On the boat back we hear a dog yelping and whimpering, this can’t be good. Shortly we see two guys carrying a squirming bag hanging from a stick held between them, the yelps are coming from inside the bag…yup, dog for dinner. Kim tells me that it is common in the countryside for dog to be eaten but being from the city she’s never eaten it and wouldn’t. I’m struggling with it, it’s hard to wrap my head around the idea of eating Fido (or Morgan) but I knew coming here that it happens and I just have to be ok with it, different strokes and all that. We are almost back to My Duc when the sky starts to dump down, lucky for me I have my trusty umbrella this time! On the bus ride home most of us pass out again, we arrive back in Hanoi at dusk, damp and tried but I am very content.
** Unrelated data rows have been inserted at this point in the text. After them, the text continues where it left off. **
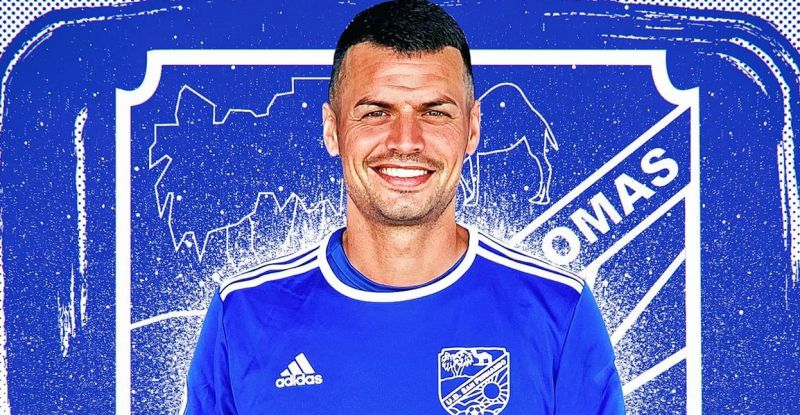 Hora de renovaciones en los equipos canarios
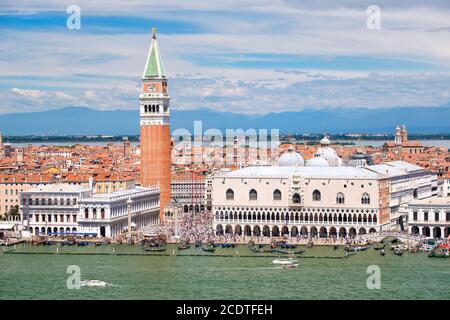 Luftaufnahme des Markusplatzes und des Canale Grande An einem schönen Sommertag in Venedig Stockfoto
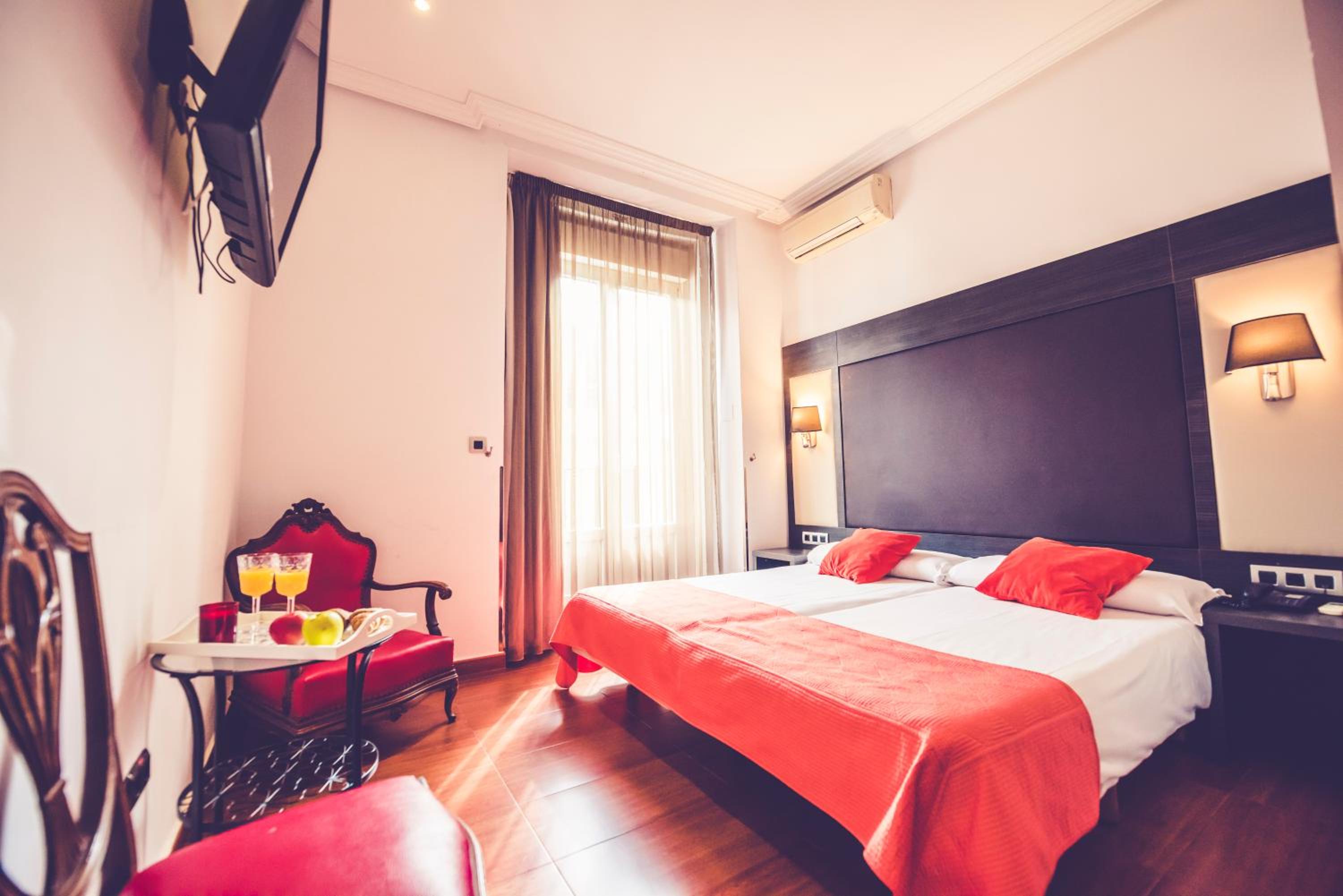 Double or Twin Room - Photo 1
Back at the hostel I meet some new people Andy, Johnny and Alex so Nicole and I take them plus a couple other girls whose names I can’t remember back to “our” restaurant. We arrive late and they warn us that not everything on the menu will be available. We try to hurry to choose our meals it’s hard cause the menu is so big. Then it get’s chaotic, different waiters come running up to us saying that certain dishes are not available but they aren’t telling it to the person who ordered it so everything get pretty confused. We do eventually get food but most of us didn’t get what we wanted but at least we got fed, Poor Nicole was run ragged trying to translate for us and help people figure out options, she told off one of the servers who did eventually apologize but it left us a bit dissatisfied with the experience. By 11pm I am back at the hostel, exhausted and to bed.